Transcribe the data exactly. Pictures stay out.
**** EXCERPTED DATA
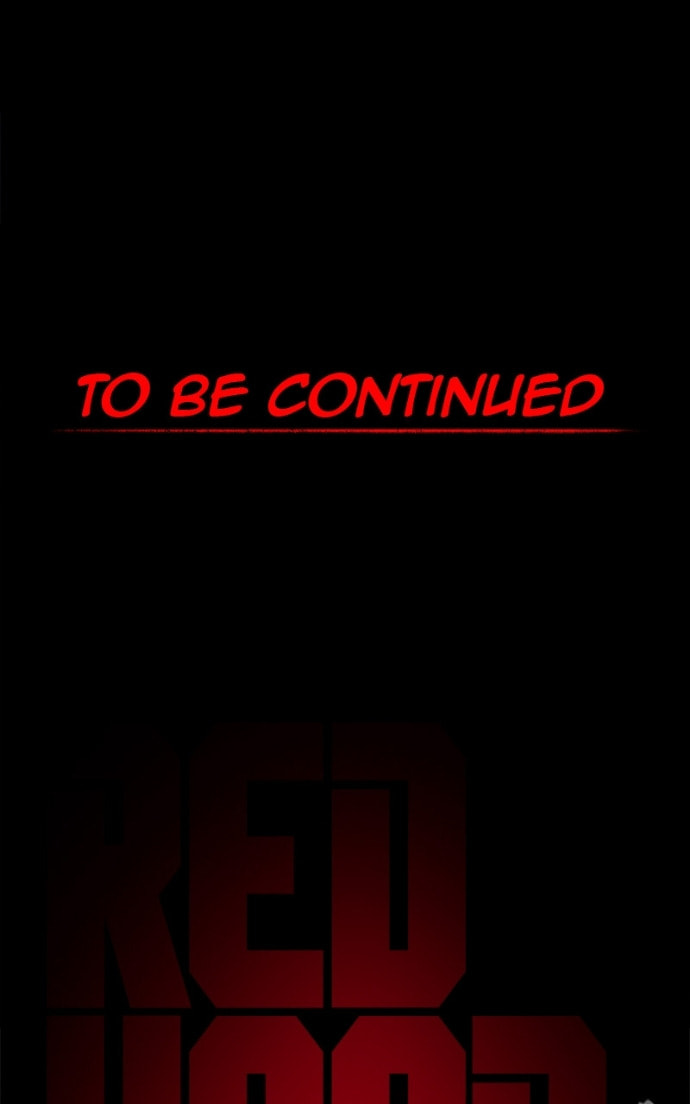 Read Red Hood: Outlaws chapter 22 image 60 on Lezhin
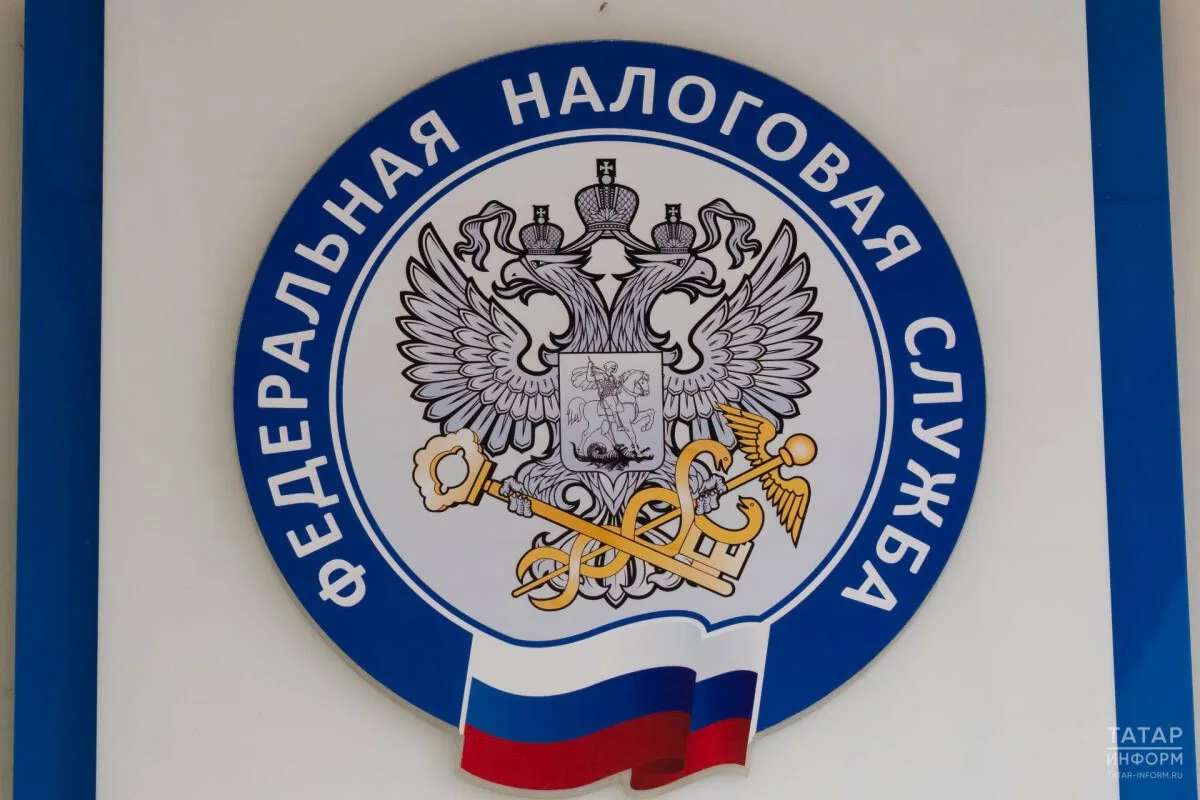 📌 Проверить данные об имуществе можно онлайн

🌐 Проверить актуальность сведений о принадлежащем им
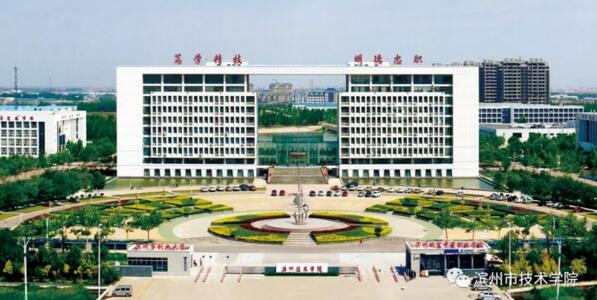 ��������I���м��g(sh��)�W(xu��)Ժ����(zh��n)����ˆ���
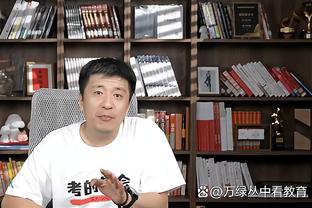 萨顿：阿尔特塔对拉亚的顽固坚持 可能会让枪手失去英超冠军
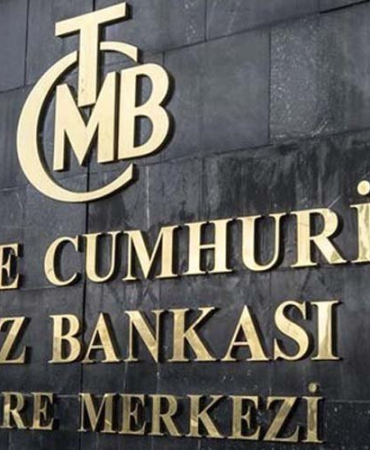 merkez-bankasi-anketinde-yil-sonu-enflasyon-beklentisi-yuzde-29-66-oldu-24423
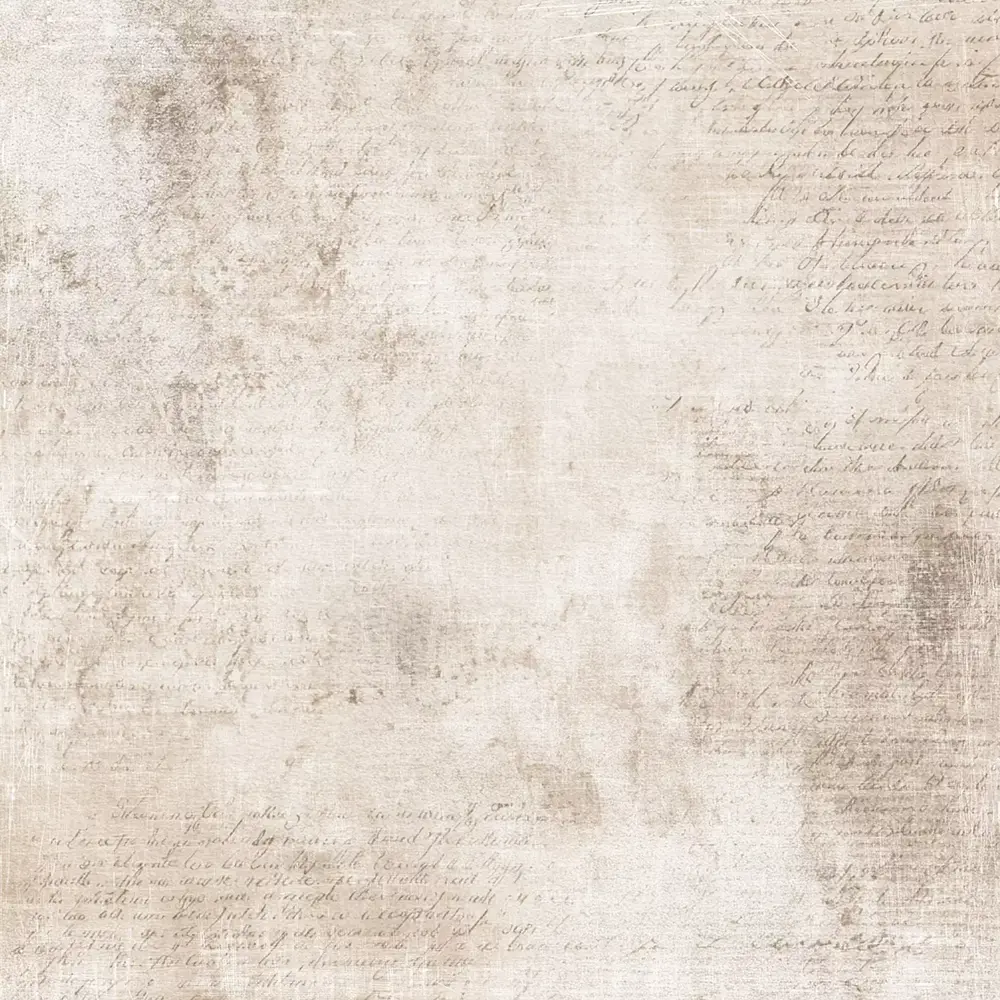 Reprint PRE-ORDER Masculine Moments 8x8 Inch Paper Pack (RPM074) Reprint PRE-ORDER Masculine Moments 8x8 Inch Paper Pack (RPM074)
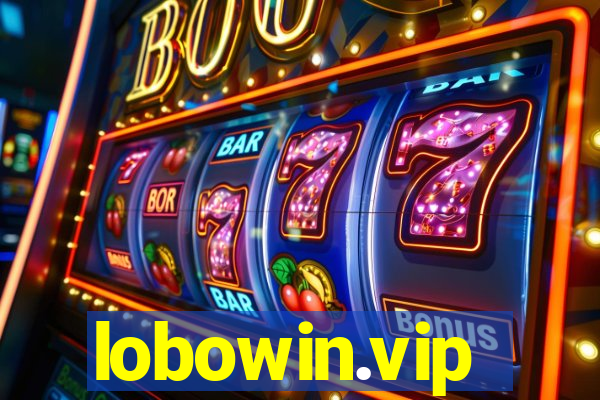 lobowin.vip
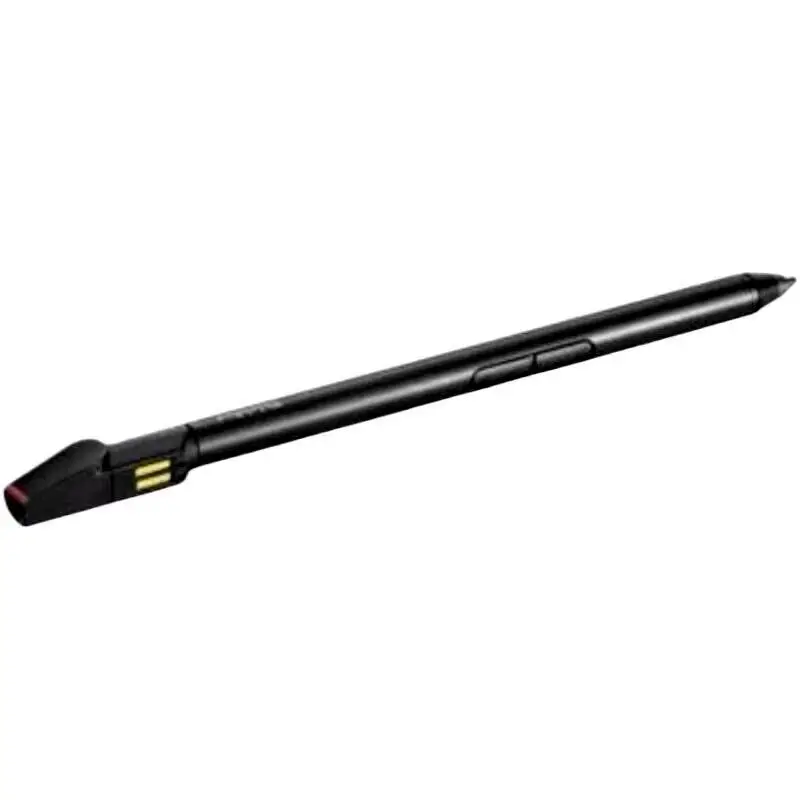 For Original Lenovo YOGA S3 Thinkpad P40 Yoga 460SD60G97209 laptop Touch Pen Stylus
For Original Lenovo YOGA S3 Thinkpad P40 Yoga 460SD60G97209 laptop Touch Pen Stylus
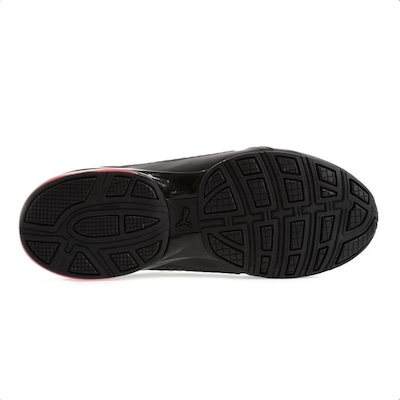 Tênis Puma Viz Runner V2 Bdp - Masculino - Foto 6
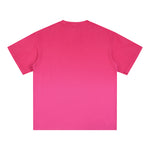 Heavyweight Gradient Cotton T Shirt 9oz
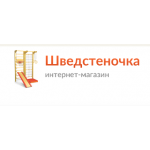 Все отзывы о Отзывы о магазине https://msk.shved-stenka.ru Шведстеночка на stena-otzyvov.com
********
SOLUTION BELOW.
 Read Red Hood: Outlaws chapter 22 image 60 on Lezhin
 📌 Проверить данные об имуществе можно онлайн

🌐 Проверить актуальность сведений о принадлежащем им
 ��������I���м��g(sh��)�W(xu��)Ժ����(zh��n)����ˆ���
 萨顿：阿尔特塔对拉亚的顽固坚持 可能会让枪手失去英超冠军
 merkez-bankasi-anketinde-yil-sonu-enflasyon-beklentisi-yuzde-29-66-oldu-24423
 Reprint PRE-ORDER Masculine Moments 8x8 Inch Paper Pack (RPM074) Reprint PRE-ORDER Masculine Moments 8x8 Inch Paper Pack (RPM074)
 lobowin.vip
 For Original Lenovo YOGA S3 Thinkpad P40 Yoga 460SD60G97209 laptop Touch Pen Stylus
For Original Lenovo YOGA S3 Thinkpad P40 Yoga 460SD60G97209 laptop Touch Pen Stylus
 Tênis Puma Viz Runner V2 Bdp - Masculino - Foto 6
 Heavyweight Gradient Cotton T Shirt 9oz
 Все отзывы о Отзывы о магазине https://msk.shved-stenka.ru Шведстеночка на stena-otzyvov.com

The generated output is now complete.